## Task details
There are pictures in the records below; leave them out and set down exactly the lines from the one holding "高岡建材 天橋立店のイベントキャンペーン 写真1" through the one holding "ex Japan ETF）最新数据".

## Supplied data
##############################

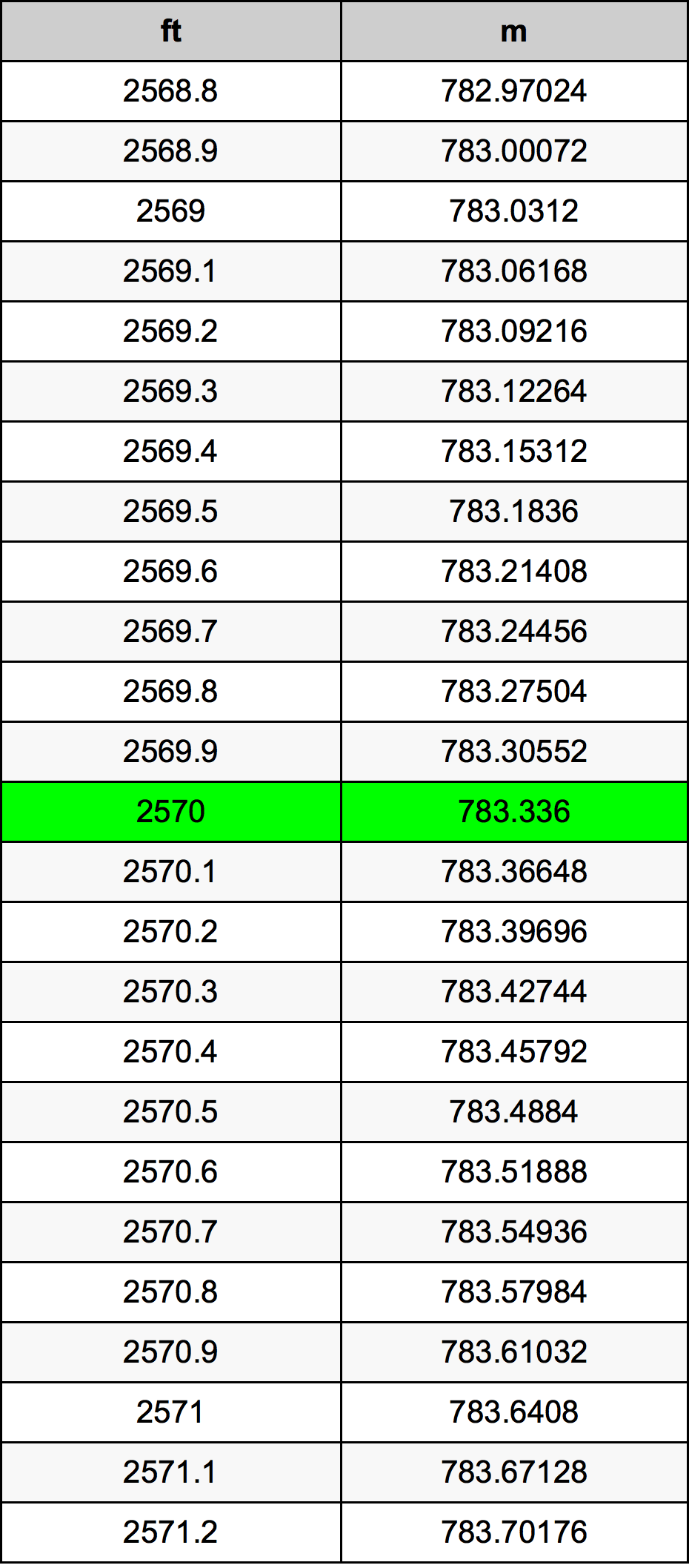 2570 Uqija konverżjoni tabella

##############################

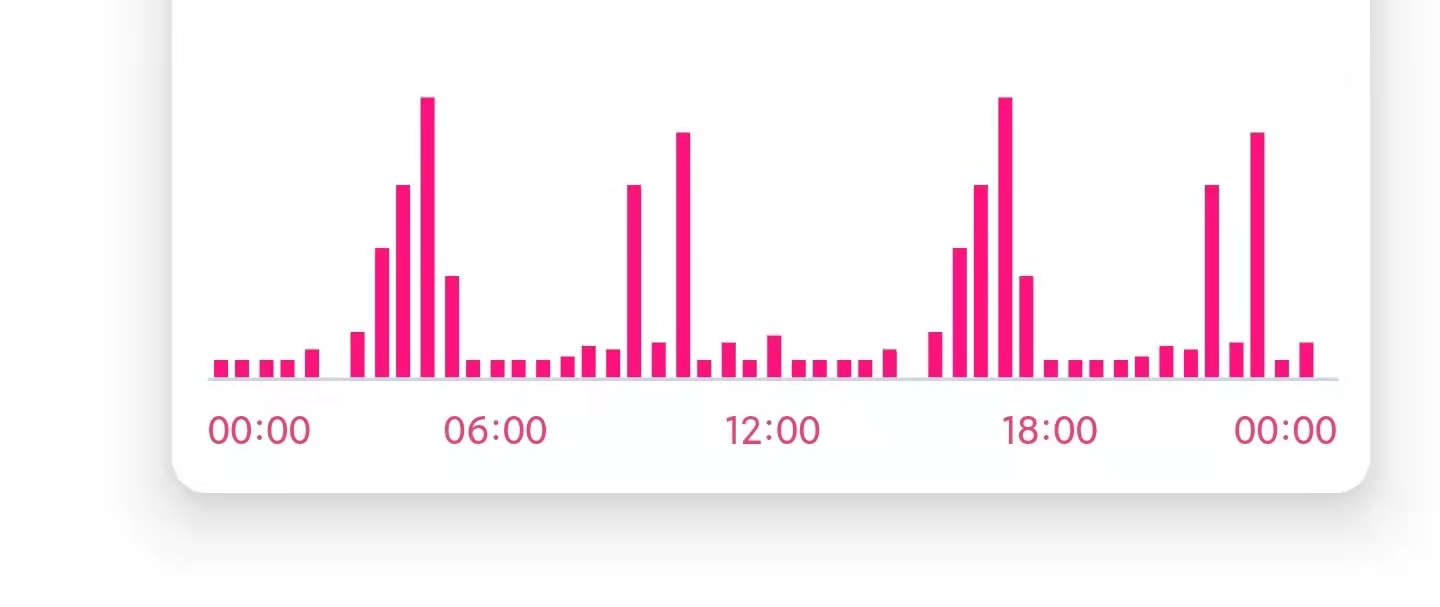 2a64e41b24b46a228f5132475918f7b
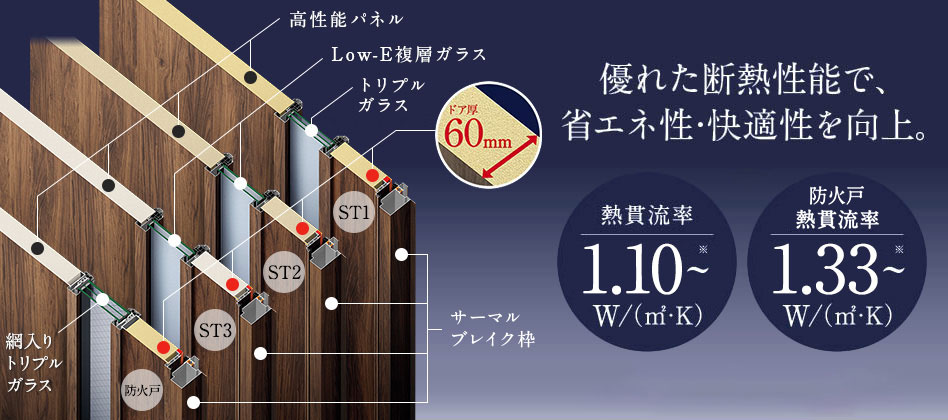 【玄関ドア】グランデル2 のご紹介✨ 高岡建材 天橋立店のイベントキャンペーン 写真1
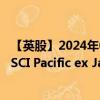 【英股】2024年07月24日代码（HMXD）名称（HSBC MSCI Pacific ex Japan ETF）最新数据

##############################

## Answer below
 【玄関ドア】グランデル2 のご紹介✨ 高岡建材 天橋立店のイベントキャンペーン 写真1
 【英股】2024年07月24日代码（HMXD）名称（HSBC MSCI Pacific ex Japan ETF）最新数据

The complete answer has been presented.